Raja, a compassionate, modern gentleman,yet a little arrogant, puts his life in line to keep a promise to his friend and Meenakshi’s father, to ensure that she and her child have a safe passage through the curfew and the riots. He is drawn towards her in spite of the fact that she is married with a child and has a chip on her shoulder.

Meenakshi ( Konkana) traditional, devoted to her family and child but drawn to Raja for everything he is to her and her child during the crisis, shows superb emotions and body language depicting the anguish and growing sexual tension between them. Like the young ladies with the excursion group point out, she looks too young to be a mother and there is an inner child in her which yearns to get out and act out her emotions openly with Raja.

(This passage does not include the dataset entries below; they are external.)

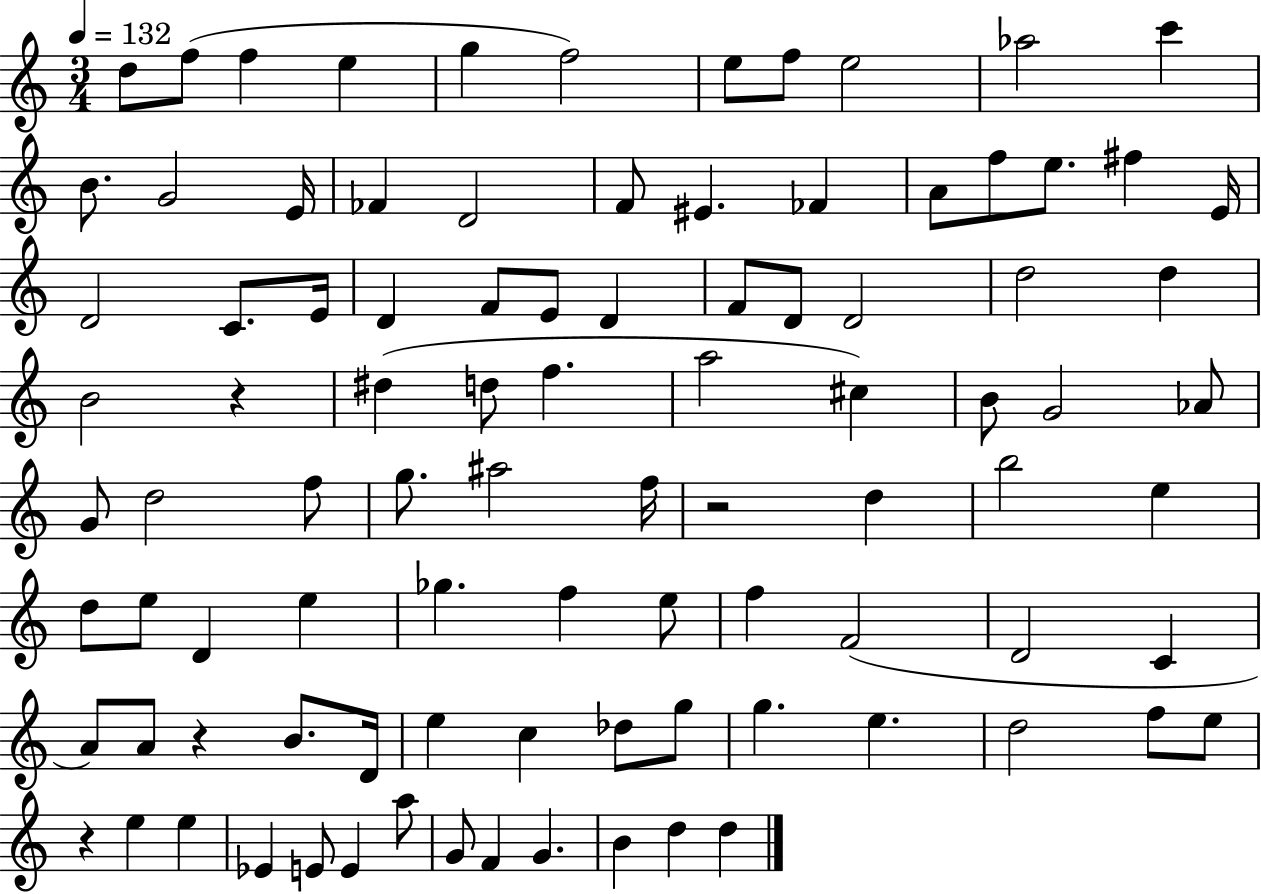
D5/e F5/e F5/q E5/q G5/q F5/h E5/e F5/e E5/h Ab5/h C6/q B4/e. G4/h E4/s FES4/q D4/h F4/e EIS4/q. FES4/q A4/e F5/e E5/e. F#5/q E4/s D4/h C4/e. E4/s D4/q F4/e E4/e D4/q F4/e D4/e D4/h D5/h D5/q B4/h R/q D#5/q D5/e F5/q. A5/h C#5/q B4/e G4/h Ab4/e G4/e D5/h F5/e G5/e. A#5/h F5/s R/h D5/q B5/h E5/q D5/e E5/e D4/q E5/q Gb5/q. F5/q E5/e F5/q F4/h D4/h C4/q A4/e A4/e R/q B4/e. D4/s E5/q C5/q Db5/e G5/e G5/q. E5/q. D5/h F5/e E5/e R/q E5/q E5/q Eb4/q E4/e E4/q A5/e G4/e F4/q G4/q. B4/q D5/q D5/q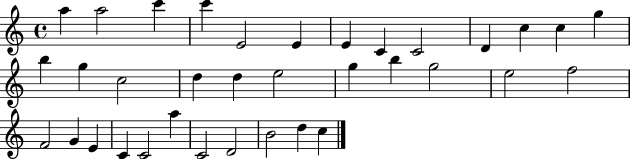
{
  \clef treble
  \time 4/4
  \defaultTimeSignature
  \key c \major
  a''4 a''2 c'''4 | c'''4 e'2 e'4 | e'4 c'4 c'2 | d'4 c''4 c''4 g''4 | \break b''4 g''4 c''2 | d''4 d''4 e''2 | g''4 b''4 g''2 | e''2 f''2 | \break f'2 g'4 e'4 | c'4 c'2 a''4 | c'2 d'2 | b'2 d''4 c''4 | \break \bar "|."
}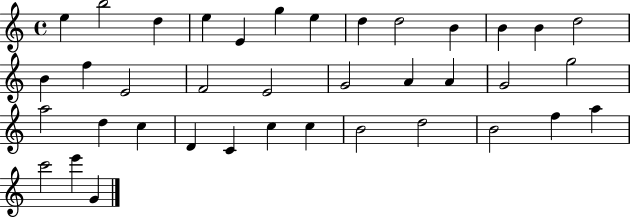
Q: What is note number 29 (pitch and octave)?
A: C5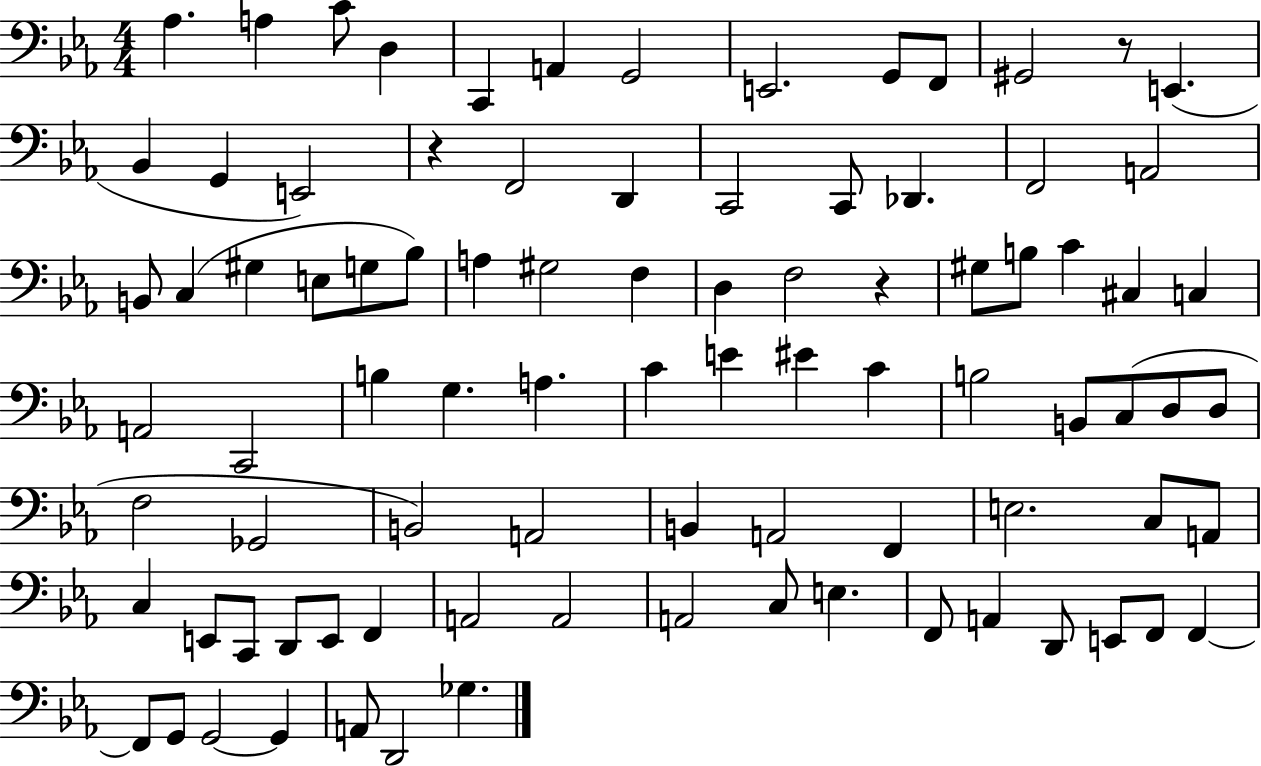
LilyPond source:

{
  \clef bass
  \numericTimeSignature
  \time 4/4
  \key ees \major
  aes4. a4 c'8 d4 | c,4 a,4 g,2 | e,2. g,8 f,8 | gis,2 r8 e,4.( | \break bes,4 g,4 e,2) | r4 f,2 d,4 | c,2 c,8 des,4. | f,2 a,2 | \break b,8 c4( gis4 e8 g8 bes8) | a4 gis2 f4 | d4 f2 r4 | gis8 b8 c'4 cis4 c4 | \break a,2 c,2 | b4 g4. a4. | c'4 e'4 eis'4 c'4 | b2 b,8 c8( d8 d8 | \break f2 ges,2 | b,2) a,2 | b,4 a,2 f,4 | e2. c8 a,8 | \break c4 e,8 c,8 d,8 e,8 f,4 | a,2 a,2 | a,2 c8 e4. | f,8 a,4 d,8 e,8 f,8 f,4~~ | \break f,8 g,8 g,2~~ g,4 | a,8 d,2 ges4. | \bar "|."
}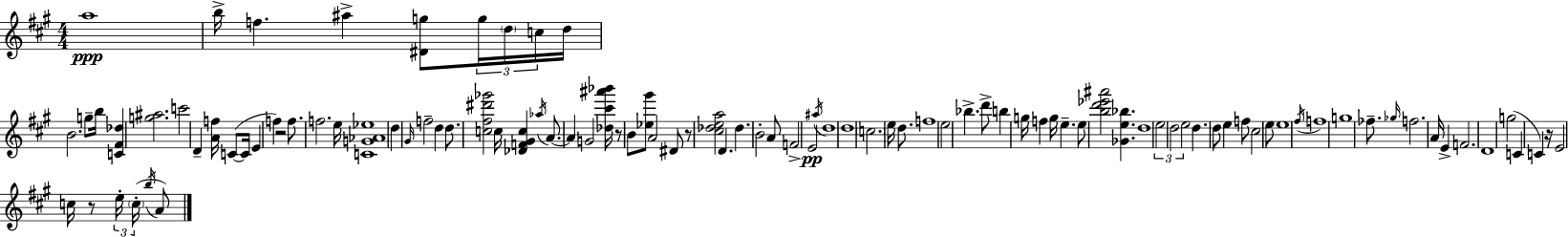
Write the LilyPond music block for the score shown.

{
  \clef treble
  \numericTimeSignature
  \time 4/4
  \key a \major
  a''1\ppp | b''16-> f''4. ais''4-> <dis' g''>8 \tuplet 3/2 { g''16 \parenthesize d''16 c''16 } | d''16 b'2. g''8-- b''16 | <c' fis' des''>4 <g'' ais''>2. | \break c'''2 d'4-- <a' f''>16 c'8~(~ c'16 | e'4 f''4) r2 | f''8. f''2. e''16 | <c' g' aes' ees''>1 | \break d''4 \grace { gis'16 } f''2-- d''4 | d''8. <c'' fis'' dis''' ges'''>2 c''16 <des' f' gis' c''>4 | \acciaccatura { aes''16 } a'8.~~ a'4 g'2 | <des'' cis''' ais''' bes'''>16 r8 b'8 <ees'' gis'''>8 a'2 | \break dis'8 r8 <cis'' des'' e'' a''>2 d'4. | des''4. b'2-. | a'8 f'2-> e'2\pp | \acciaccatura { ais''16 } d''1 | \break d''1 | \parenthesize c''2. e''16 | d''8. f''1 | e''2 bes''4.-> | \break d'''8-> b''4 g''16 f''4 g''16 e''4.-- | e''8 <b'' d''' ees''' ais'''>2 <ges' e'' bes''>4. | d''1 | \tuplet 3/2 { e''2 d''2 | \break e''2 } d''4. | d''8 e''4 f''8 cis''2 | e''8 e''1 | \acciaccatura { fis''16 } f''1 | \break g''1 | fes''8.-- \grace { ges''16 } f''2. | a'16 e'4-> f'2. | d'1 | \break g''2( c'4 | c'4) r16 e'2 c''16 r8 | \tuplet 3/2 { e''16-. \parenthesize c''16-.( \acciaccatura { b''16 } } a'8) \bar "|."
}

The scene where they witness a man’s throat being slashed from the forest bungalow is executed beautifully and professionally with a lot of emotions. Dialogues are meaningful and precise. Similarly during the train ride the scenes were acted out refreshingly perfect, without the usual overacting and melodrama seen in Bollywood movies.

One thing that I found that was missing was, he never thanks her for saving his life, if it wasn’t for Meenakshi thrusting the crying child on Raja’s lap when the two fanatics were hunting for Muslim victims, and she readily answering to their query of what their names were with “Mr. and Mrs. Iyer”, he would have been caught, if they had him pull down his pants ( you know what I mean). Maybe I am over analyzing, but that is my take on that one. Just like Lieutenant Dan ( Gary Sinese) never thanks Gump ( Tom Hanks) for saving his life in ” Forrest Gump”, till the very end of the movie.

The movie is in English, with none of the phony accents, spoken perfectly like how Indian speak. We tend to forget that India was a British colony for 400 years, English is the common language that brings all of India together, with all of its 18 languages and boneheaded political decision of splitting up the states linguistically after independence from the British rule.

Music is so-so, did not care much about the songs. Maybe if I watch it a few more times, which I intent to, I might change my mind about Zakir Hussain’s music, which I immensely admire. In conclusion, a beautiful and powerful story with a lot of subtle underlying messages, humanity for one.